„Air“ ist der neunte Titel des Sublabels „Zwischen den Stühlen“ und Lukas Verings erster Roman. Immer wieder hat p.maschinery in „Zwischen den Stühlen“ Titel veröffentlicht, die in den Bereich der Science Fiction gehören, aber über die literarischen Grenzen des Genres hinweg ausstrahlen sollen. Gabriele Behrend hat hier unter anderem einem einen sehr interessanten, dystopischen und optimistischen Text zugleich veröffentlicht.

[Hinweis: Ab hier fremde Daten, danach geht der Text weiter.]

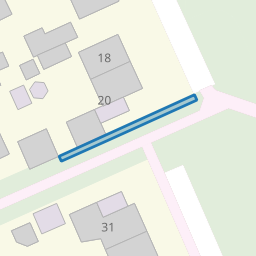 Perceel ODB01-R-1081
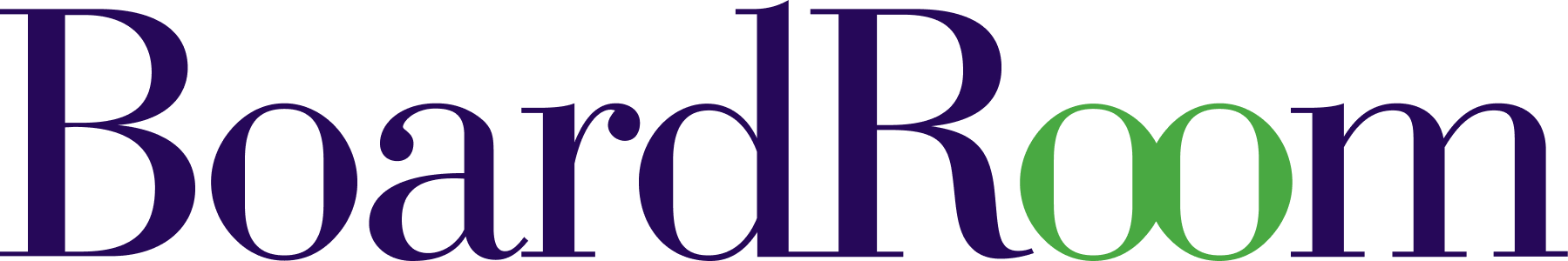 CASPA brand name in blue uppercase letters with trademark symbol.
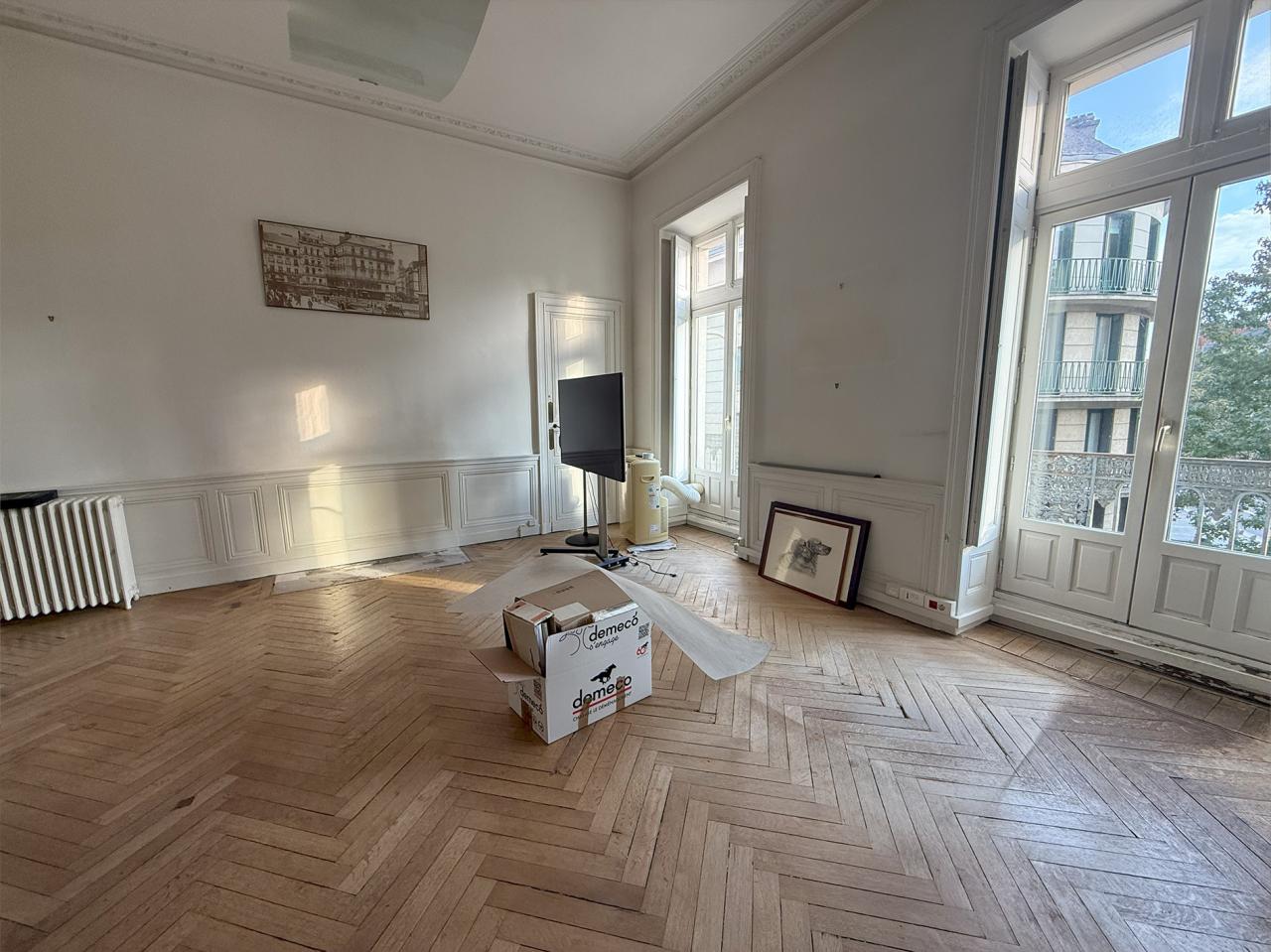 Location bureau Nantes Loire-Atlantique OLBUR2646091 17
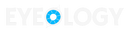 Eyeology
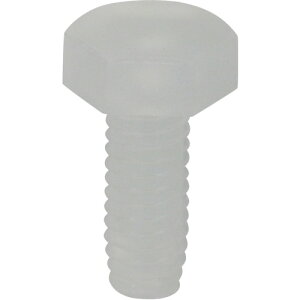 �����˂� YAHATA �����iPP�j �Z�p�{���g M5X10 �i100�{���j 4580172752021 [2310-2752021]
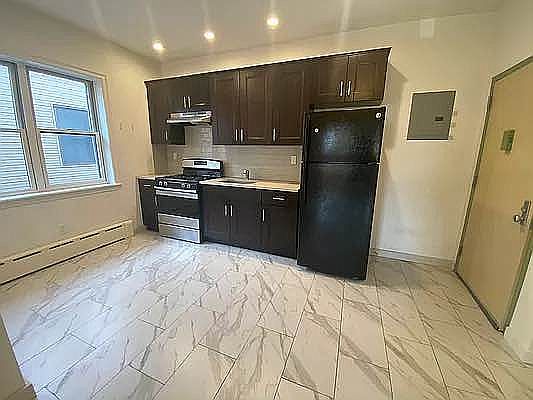 1st image of 63-13 Metropolitan Ave #2R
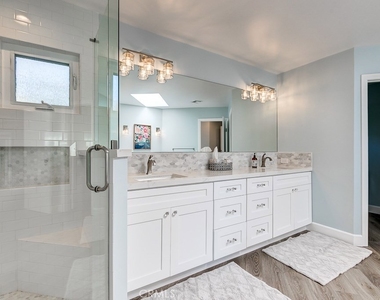33531 Marlinspike Drive - Photo Thumbnail 20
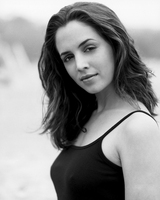 Eliza Dushku t-shirt #2076600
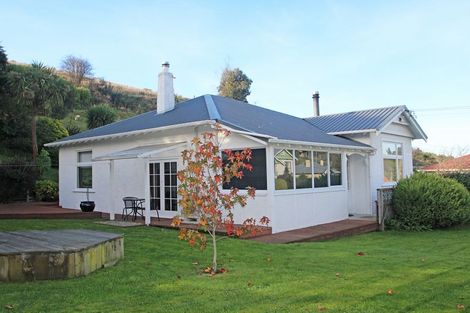 Photo of property in 82 Eden Street, Oamaru, 9400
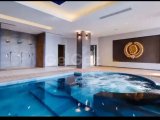 Kiralık Daire-Boğaz, İskele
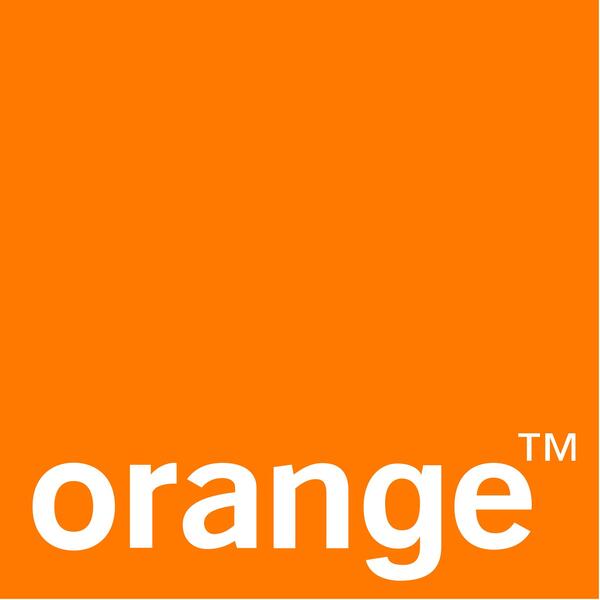 La red 5G+ de Orange llegará a 30 localidades españolas a finales de este mes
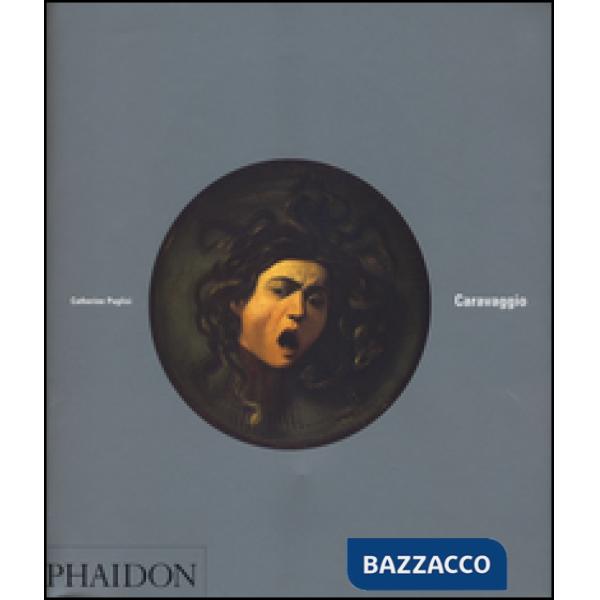 Caravaggio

Der 1988 geborene Lukas Vering lebt und arbeitet im Ruhrgebiet. Nach einem Studium der Literatur- und Kulturwissenschaften ist er momentan journalistisch tätig und macht Öffentlichkeitsarbeit. Bislang sind seine Texte vor allem in Anthologien und Literaturzeitschriften sowie E Books erschienen.
Schon 2017 schrieb der Blog Kulturgeschwätz über Lukas Verings „Air“, im Jahre 2023 ist das Buch dann bei p.machinery erschienen.

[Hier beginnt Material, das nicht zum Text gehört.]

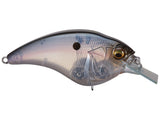 Megabass Sonicside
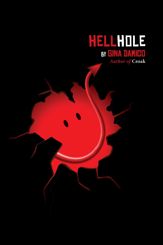 Hellhole - 6 Jan 2015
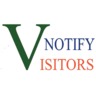 notifyvisitors1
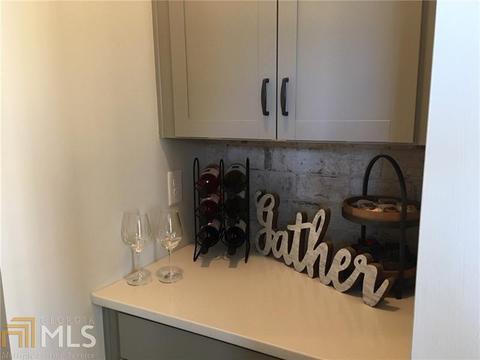 3420 Meadow Grass Dr, Dacula, GA 30019 photo 6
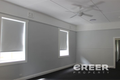 Property photo of 4 Turnbull Street The Junction NSW 2291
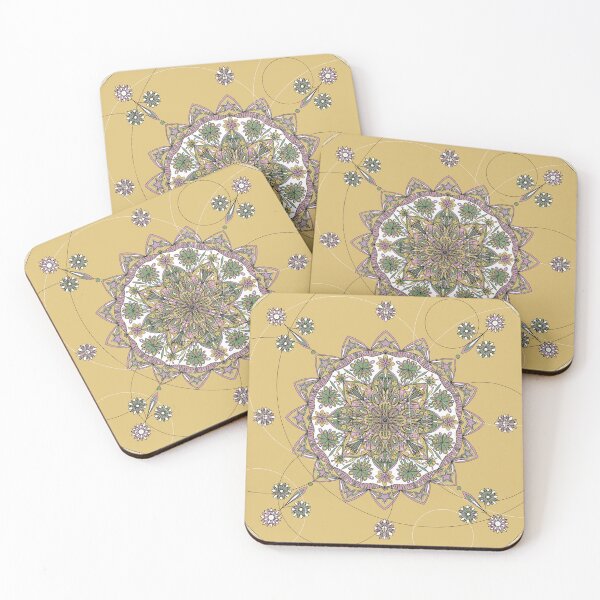 Item preview, Cloth sun, moon and stars designed and sold by Birgit I Goetz.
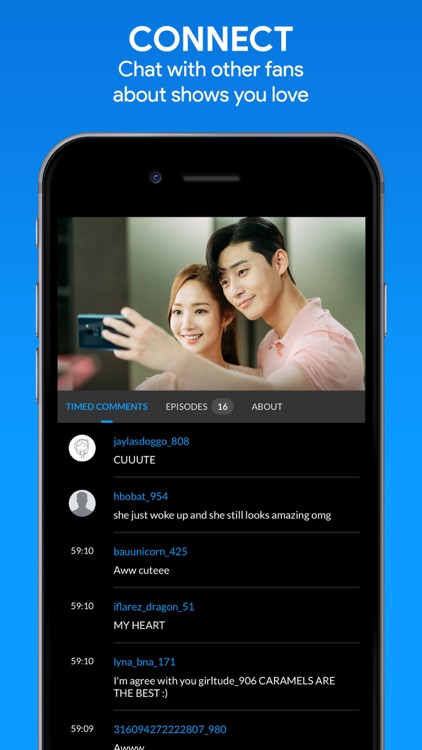 Viki: Asian TV Dramas & Movies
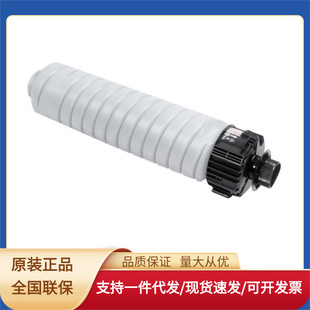 ����ӡSML-1125��ī�ۺ��m���SML-1125/SML-1130/SCL-25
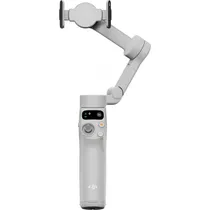  Dji Estabil...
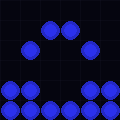 43.243.47.146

Die Ausgangslage ist faszinierend, aber sie wirkt auch ein wenig zu sehr auf eine literarische Perfektion hin konstruiert. Lukas Vering schaut nicht über den Horizont seiner „kleinen“ konstruierten Welt hinaus und präsentiert keinen Blick in das große Ganze. Das ist für die zugrundeliegende Handlung auch nicht notwendig, da sie sich mit Individuen in oder knapp außerhalb ihrer “Wohlfühlzonen” auseinandersetzt. Auf der anderen Seite wäre eine umfangreicher beschriebene und nicht nur derart subjektiv aus wechselnden Erzählperspektiven präsentierte Welt für den Leser attraktiver, da eine der wichtigsten Komponenten ja “Air” als normale Luft zum Atmen, aber auch “Air” als eine neue Form von Inhalation Droge ist.
Die Gesellschaft hat sich scheinbar von der Natur und ihren natürlichen Ressourcen gelöst. Alles ist künstlich und wird autark hergestellt. Kein neues Szenario, wobei Ian MacDonald in seiner „Luna“ Trilogie diese Selbstversorgungsgesellschaft auf dem Mond platziert und mit 3 D Druckern ausgerüstet hat. Wie viele Menschen auf diese Art und Weise leben und woher die Grundprodukte kommen, bleibt außen vor. Der Leser muss diese Prämisse akzeptieren.
Die Menschen wohnen kompakt in künstlichen Städten anscheinend unter Kuppeln, welche einen Austausch mit der Umgebung verhindern. Der Radius der Menschen ist eng beschränkt, auch wenn es zumindest in dieser Siedlung verschiedene Viertel für Reiche und Arme gibt. Soziale Klassen lassen sich auch in einer sterilen, geplanten Umgebung nicht herausfiltern.
Das Meer ist durch Beton abgeschottet, liegt also außerhalb des Wirkungskreises der im Blog „Kulturgeschwätz“ als Ausgangspunkt angesehenen Risikogesellschaft. Dabei scheint diese Definition auch nicht ganz richtig, denn das einzige Risiko ist der Mensch per se mit seinem weiteren vorhandenen Selbstzerstörungswillen. Die Droge Air hat die normalen Waffen ersetzt. Air bezieht sich auch auf die künstliche Luft, welche die Menschen atmen. Bis zu einem gewissen Grad lässt sich Luft künstlich herstellen, ohne dass sie recycelt werden muss. Aber auch hier verweigert der Autor einen notwendigen Blick hinter die Kulissen.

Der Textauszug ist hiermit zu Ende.